Exercise prompt. Start at the line with "For Samsung ATIV" in the records below, stop at the line with "ZARA Orange Croc", and return every line in that span exactly, the two end lines included.

Dataset items.

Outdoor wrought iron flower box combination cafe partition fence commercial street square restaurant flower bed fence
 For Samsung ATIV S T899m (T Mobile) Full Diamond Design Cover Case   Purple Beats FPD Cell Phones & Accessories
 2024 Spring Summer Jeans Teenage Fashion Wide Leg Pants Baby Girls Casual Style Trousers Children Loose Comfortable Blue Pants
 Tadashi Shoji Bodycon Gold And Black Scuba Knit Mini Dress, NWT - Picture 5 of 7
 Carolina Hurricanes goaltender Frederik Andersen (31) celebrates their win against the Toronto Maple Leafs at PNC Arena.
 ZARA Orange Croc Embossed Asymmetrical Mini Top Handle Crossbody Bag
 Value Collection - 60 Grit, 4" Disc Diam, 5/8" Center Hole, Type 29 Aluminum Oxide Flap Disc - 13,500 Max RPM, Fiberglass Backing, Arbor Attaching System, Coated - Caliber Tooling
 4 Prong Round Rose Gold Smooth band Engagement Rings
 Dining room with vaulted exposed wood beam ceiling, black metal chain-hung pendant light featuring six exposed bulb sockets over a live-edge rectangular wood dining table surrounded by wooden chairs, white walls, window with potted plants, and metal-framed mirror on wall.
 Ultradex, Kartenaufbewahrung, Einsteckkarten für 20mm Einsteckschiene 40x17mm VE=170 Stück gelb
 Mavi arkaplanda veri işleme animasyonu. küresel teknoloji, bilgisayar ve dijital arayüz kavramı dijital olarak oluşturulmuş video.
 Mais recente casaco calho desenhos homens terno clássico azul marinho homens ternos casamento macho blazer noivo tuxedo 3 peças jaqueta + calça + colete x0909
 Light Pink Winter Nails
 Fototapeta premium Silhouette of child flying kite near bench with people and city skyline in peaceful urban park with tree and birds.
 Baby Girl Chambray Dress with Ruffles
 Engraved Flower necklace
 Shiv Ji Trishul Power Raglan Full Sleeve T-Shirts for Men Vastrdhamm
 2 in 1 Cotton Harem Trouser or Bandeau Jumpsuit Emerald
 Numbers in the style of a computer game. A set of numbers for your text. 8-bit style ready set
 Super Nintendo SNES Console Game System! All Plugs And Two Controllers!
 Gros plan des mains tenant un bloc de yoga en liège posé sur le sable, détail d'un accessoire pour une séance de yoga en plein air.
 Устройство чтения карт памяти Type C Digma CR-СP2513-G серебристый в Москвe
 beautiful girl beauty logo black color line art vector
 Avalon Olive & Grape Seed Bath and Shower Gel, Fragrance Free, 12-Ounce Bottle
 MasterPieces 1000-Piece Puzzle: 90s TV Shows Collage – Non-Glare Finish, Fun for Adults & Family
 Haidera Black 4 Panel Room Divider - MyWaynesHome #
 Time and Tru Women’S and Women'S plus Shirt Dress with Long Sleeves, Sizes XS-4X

Task solution.
 For Samsung ATIV S T899m (T Mobile) Full Diamond Design Cover Case   Purple Beats FPD Cell Phones & Accessories
 2024 Spring Summer Jeans Teenage Fashion Wide Leg Pants Baby Girls Casual Style Trousers Children Loose Comfortable Blue Pants
 Tadashi Shoji Bodycon Gold And Black Scuba Knit Mini Dress, NWT - Picture 5 of 7
 Carolina Hurricanes goaltender Frederik Andersen (31) celebrates their win against the Toronto Maple Leafs at PNC Arena.
 ZARA Orange Croc Embossed Asymmetrical Mini Top Handle Crossbody Bag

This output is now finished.